The Adson maneuver or test is a test that evaluates whether or not there is neurovascular compression at the level of the interscalene triangle. For the test it is necessary for the patient to sit on a stretcher, while the specialist stands behind him..
The test consists of placing the patient's arm in 90 ° abduction concomitantly with a maximum external rotation of the shoulder.
Then, with one hand in a guitar playing position, the wrist is grasped to palpate the pulse of the radial artery and with the other the head is rotated contralaterally, with the idea of stretching the scalene muscles. At this time the patient must inspire strongly.

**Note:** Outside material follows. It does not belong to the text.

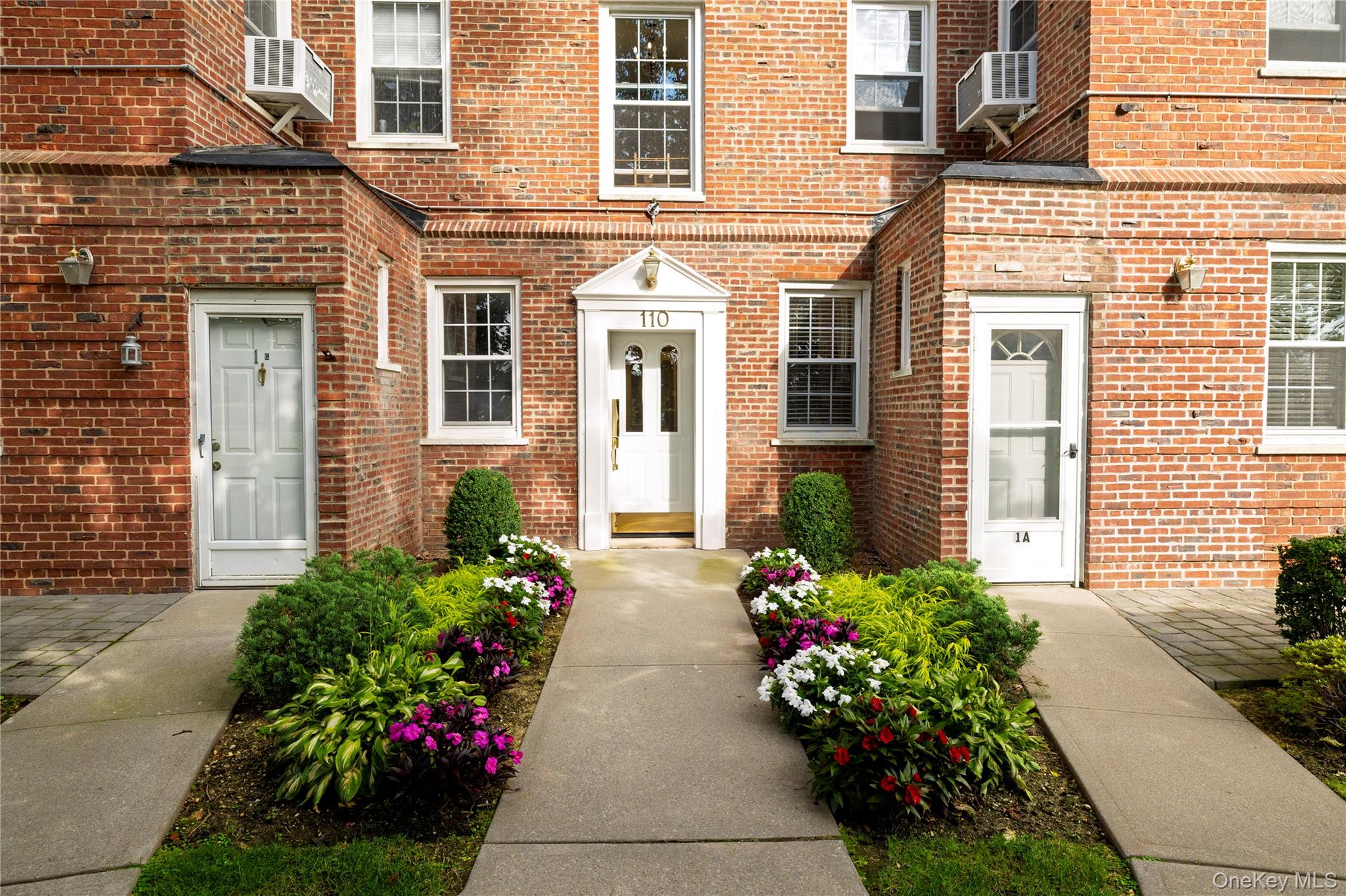 110 South Village Avenue 1a Property Photo 2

If during this maneuver the radial pulse disappears or there is paresthesia (tingling sensation) or paresis (weakness) in the arm, the test is considered positive for thoracic outlet syndrome.
Treatment of compression of these structures is almost always surgical. One of the decompression methodologies used at the medical level is the transaxillary technique of extraction of the first rib or also the anterior scalenotomy.
The anterior scalene is a fairly tonic muscle and this causes them to be over-tensioned at times.
To massage these muscles, friction must be done in a transverse way to how the muscle fibers go. The massage is given mainly towards the insertion site, that is, at the level of the first rib. This site is the most vulnerable to suffer from fibrous tracts.
Another way to massage the scalene muscles is to place the fingers just in the groove that is made behind the clavicle, especially when we lean the head forward..
With great care we can insert our fingers there and gently massage said area. This place is very delicate because there are many blood vessels and nerves. It is important to combine the massages with breathing exercises, to further relax the anterior scalene.